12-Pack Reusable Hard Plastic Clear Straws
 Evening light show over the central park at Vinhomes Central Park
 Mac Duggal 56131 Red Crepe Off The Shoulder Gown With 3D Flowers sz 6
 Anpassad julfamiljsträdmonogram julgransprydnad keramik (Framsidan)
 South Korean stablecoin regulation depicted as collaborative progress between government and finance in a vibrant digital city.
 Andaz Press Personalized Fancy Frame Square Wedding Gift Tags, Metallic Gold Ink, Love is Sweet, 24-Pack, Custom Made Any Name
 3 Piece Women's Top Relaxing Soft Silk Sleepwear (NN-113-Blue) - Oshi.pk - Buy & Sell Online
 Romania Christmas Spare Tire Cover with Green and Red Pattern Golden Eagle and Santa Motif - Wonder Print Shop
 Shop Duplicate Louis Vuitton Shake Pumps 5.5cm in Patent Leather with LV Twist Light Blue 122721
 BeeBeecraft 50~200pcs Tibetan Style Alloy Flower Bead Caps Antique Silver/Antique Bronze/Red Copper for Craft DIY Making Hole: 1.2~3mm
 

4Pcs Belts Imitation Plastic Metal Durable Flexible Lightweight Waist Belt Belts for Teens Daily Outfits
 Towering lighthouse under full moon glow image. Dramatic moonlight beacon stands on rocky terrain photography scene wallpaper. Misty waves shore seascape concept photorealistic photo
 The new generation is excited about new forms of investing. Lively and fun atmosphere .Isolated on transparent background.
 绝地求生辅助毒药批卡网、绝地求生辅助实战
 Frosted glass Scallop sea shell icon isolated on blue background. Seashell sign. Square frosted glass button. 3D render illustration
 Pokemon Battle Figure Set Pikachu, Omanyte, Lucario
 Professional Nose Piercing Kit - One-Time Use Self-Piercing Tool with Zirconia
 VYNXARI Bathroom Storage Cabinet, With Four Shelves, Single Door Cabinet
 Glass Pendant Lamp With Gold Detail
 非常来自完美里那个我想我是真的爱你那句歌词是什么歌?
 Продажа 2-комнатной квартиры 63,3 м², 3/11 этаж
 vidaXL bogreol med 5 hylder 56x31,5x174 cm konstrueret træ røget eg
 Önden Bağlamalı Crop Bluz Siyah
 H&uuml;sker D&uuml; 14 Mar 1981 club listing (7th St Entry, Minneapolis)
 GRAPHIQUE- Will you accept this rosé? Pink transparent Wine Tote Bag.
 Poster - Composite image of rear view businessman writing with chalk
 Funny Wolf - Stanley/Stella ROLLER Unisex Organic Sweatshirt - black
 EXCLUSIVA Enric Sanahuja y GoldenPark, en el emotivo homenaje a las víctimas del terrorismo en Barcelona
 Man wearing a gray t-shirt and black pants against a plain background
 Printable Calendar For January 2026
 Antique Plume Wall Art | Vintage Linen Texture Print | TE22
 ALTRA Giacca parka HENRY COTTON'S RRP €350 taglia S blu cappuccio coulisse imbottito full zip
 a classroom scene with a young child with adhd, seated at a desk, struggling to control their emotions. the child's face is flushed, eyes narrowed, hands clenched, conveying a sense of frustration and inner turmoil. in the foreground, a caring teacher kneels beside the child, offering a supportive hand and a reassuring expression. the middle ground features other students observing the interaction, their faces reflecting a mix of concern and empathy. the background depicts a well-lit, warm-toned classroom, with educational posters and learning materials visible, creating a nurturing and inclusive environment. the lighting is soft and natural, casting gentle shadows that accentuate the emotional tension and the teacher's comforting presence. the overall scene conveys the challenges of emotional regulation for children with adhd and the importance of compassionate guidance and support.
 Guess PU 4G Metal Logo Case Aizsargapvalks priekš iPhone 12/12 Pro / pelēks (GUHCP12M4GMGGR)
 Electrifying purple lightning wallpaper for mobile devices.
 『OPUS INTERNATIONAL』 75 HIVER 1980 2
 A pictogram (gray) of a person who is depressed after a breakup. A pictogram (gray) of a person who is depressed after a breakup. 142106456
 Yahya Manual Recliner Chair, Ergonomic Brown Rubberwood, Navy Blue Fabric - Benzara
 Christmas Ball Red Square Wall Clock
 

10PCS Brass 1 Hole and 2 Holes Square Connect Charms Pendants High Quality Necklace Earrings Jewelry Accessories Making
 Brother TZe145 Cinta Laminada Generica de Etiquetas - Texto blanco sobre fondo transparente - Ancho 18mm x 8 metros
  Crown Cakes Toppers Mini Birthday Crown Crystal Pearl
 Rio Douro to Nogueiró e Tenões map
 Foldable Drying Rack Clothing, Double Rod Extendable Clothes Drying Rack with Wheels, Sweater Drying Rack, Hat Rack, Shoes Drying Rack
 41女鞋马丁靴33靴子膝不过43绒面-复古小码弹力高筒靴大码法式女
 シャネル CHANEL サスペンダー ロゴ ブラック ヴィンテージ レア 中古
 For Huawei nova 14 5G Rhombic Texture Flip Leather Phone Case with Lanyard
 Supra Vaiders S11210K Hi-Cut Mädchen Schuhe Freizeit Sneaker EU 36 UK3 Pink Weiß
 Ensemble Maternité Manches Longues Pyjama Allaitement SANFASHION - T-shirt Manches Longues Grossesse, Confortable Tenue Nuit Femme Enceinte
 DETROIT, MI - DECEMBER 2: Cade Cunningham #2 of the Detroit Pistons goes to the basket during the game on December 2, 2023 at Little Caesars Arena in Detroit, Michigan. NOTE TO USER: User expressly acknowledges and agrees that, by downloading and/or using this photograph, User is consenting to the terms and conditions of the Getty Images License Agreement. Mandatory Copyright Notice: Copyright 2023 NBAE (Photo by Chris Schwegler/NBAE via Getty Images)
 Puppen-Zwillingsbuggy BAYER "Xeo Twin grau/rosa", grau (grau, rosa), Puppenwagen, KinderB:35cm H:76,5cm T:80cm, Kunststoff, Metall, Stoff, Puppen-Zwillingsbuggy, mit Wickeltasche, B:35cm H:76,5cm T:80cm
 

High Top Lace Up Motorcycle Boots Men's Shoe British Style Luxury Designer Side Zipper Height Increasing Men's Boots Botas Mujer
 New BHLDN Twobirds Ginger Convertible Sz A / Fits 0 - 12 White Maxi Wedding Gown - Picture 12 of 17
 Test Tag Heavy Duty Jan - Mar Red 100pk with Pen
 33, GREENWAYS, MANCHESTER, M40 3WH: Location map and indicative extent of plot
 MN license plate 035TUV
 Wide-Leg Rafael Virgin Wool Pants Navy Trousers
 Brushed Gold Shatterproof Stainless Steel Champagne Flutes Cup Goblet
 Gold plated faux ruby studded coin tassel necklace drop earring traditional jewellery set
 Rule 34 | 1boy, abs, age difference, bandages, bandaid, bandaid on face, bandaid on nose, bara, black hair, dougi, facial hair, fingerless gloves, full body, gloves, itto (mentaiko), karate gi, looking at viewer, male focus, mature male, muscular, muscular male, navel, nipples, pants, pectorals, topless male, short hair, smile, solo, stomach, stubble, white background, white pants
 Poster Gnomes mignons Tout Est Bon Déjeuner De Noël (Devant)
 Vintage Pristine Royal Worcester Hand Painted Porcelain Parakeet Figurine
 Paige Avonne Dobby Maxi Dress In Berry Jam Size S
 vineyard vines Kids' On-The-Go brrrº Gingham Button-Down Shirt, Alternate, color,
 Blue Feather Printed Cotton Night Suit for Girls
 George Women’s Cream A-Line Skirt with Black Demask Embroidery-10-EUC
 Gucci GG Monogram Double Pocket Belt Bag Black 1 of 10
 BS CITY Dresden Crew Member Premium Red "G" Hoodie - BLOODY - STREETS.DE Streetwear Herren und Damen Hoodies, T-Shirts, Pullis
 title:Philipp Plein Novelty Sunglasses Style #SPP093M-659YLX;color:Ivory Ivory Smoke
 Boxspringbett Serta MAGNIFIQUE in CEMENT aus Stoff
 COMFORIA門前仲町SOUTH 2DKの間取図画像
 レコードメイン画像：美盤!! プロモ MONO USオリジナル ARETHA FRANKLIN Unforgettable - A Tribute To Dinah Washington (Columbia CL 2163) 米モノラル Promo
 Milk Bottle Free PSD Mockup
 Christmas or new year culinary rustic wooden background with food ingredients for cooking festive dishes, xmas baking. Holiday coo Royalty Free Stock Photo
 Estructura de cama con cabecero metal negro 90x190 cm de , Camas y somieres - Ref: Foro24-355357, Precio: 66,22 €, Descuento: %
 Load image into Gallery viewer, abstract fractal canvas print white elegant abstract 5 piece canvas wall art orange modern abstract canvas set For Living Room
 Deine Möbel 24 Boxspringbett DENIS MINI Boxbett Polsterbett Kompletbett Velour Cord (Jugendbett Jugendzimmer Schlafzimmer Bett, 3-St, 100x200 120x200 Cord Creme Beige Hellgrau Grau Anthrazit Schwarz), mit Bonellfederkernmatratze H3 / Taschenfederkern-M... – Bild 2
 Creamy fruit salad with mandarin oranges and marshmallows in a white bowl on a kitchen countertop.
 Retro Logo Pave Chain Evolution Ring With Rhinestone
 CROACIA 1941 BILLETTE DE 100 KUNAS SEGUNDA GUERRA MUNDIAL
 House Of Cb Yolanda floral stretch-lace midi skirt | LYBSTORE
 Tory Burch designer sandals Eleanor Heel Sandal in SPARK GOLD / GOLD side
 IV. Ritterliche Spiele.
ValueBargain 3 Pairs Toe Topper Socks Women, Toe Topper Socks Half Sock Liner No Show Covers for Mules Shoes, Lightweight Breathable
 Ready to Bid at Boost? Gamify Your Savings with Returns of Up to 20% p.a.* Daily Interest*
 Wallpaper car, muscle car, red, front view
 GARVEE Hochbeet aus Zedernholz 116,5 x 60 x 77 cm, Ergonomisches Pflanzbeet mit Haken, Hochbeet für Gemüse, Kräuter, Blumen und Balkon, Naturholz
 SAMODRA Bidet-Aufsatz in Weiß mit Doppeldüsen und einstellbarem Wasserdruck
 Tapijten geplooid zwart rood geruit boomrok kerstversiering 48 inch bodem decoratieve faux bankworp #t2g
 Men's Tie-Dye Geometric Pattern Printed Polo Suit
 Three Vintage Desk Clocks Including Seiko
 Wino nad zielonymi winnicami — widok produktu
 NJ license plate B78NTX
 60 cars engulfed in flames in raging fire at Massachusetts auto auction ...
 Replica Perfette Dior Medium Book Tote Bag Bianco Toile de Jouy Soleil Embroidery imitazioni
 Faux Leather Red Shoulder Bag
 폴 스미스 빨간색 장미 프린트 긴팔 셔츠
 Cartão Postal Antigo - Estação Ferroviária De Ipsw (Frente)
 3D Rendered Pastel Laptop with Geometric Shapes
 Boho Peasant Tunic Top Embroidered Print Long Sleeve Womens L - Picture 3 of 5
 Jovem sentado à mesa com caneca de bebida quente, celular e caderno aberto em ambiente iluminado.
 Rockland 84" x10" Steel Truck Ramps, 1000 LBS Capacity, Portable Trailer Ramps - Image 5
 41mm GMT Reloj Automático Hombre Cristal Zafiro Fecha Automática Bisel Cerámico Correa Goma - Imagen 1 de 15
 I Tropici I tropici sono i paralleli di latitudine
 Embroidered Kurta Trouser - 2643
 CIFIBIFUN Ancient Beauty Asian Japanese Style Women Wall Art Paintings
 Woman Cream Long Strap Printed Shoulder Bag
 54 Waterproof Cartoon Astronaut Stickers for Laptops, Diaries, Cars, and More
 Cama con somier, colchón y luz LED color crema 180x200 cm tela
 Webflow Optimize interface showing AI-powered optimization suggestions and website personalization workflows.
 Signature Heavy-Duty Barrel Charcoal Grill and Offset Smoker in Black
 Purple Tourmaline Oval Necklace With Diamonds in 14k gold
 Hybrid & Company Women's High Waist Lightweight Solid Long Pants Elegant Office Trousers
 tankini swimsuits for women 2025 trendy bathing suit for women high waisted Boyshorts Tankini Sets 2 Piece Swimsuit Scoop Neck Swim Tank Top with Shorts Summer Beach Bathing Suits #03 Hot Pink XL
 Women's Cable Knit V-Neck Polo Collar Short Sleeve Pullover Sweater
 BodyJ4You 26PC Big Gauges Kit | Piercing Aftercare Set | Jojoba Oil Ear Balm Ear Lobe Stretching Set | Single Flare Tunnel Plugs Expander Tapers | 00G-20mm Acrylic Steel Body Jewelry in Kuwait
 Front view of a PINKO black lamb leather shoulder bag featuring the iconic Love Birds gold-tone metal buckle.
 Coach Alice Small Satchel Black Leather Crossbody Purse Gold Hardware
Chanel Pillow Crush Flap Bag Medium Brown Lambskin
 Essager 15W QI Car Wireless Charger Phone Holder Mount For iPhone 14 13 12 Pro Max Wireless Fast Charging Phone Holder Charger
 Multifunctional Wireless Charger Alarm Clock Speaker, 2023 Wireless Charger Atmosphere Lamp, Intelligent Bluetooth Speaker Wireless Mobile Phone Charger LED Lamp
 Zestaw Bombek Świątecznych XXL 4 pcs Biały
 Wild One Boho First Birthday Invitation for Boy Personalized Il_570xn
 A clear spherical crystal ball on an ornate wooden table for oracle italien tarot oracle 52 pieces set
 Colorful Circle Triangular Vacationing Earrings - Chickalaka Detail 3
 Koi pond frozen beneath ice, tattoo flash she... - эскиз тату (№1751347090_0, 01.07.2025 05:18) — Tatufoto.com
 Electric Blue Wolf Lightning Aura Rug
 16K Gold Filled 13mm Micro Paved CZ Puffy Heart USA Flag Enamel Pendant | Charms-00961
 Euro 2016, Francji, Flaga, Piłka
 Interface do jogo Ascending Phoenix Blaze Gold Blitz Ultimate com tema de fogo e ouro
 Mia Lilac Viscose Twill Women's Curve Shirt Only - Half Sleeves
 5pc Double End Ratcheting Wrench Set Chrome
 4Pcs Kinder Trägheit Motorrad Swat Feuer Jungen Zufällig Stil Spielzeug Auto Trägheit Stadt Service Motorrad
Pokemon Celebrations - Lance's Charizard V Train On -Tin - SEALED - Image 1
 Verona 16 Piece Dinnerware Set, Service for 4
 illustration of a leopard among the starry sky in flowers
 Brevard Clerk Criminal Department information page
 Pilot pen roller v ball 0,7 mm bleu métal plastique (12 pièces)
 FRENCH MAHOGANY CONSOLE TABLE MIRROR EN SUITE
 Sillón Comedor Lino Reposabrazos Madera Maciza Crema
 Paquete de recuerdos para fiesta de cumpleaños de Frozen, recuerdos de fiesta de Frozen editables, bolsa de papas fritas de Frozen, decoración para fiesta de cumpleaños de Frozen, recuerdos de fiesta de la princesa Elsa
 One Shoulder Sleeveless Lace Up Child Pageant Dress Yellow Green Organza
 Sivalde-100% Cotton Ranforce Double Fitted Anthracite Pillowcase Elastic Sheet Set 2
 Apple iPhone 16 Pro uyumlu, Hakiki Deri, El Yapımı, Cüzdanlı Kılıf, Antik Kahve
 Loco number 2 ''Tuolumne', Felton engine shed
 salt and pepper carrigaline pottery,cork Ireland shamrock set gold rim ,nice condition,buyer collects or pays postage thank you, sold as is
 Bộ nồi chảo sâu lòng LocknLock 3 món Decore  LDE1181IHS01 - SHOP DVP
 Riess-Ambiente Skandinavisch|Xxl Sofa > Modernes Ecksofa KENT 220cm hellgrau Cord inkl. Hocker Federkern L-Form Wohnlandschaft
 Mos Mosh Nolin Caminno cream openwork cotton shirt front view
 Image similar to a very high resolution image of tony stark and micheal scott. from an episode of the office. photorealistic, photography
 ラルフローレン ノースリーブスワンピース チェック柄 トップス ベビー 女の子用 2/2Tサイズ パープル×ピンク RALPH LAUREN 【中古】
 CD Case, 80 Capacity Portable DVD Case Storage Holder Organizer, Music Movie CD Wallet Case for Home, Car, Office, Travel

::::::::

**Work to be completed:**
Within the data above, the lines from the one with "Supra Vaiders S11210K" to the one with "Ensemble Maternité Manches" must be repeated exactly; no other line belongs in the answer.

**Problem solution:**
 Supra Vaiders S11210K Hi-Cut Mädchen Schuhe Freizeit Sneaker EU 36 UK3 Pink Weiß
 Ensemble Maternité Manches Longues Pyjama Allaitement SANFASHION - T-shirt Manches Longues Grossesse, Confortable Tenue Nuit Femme Enceinte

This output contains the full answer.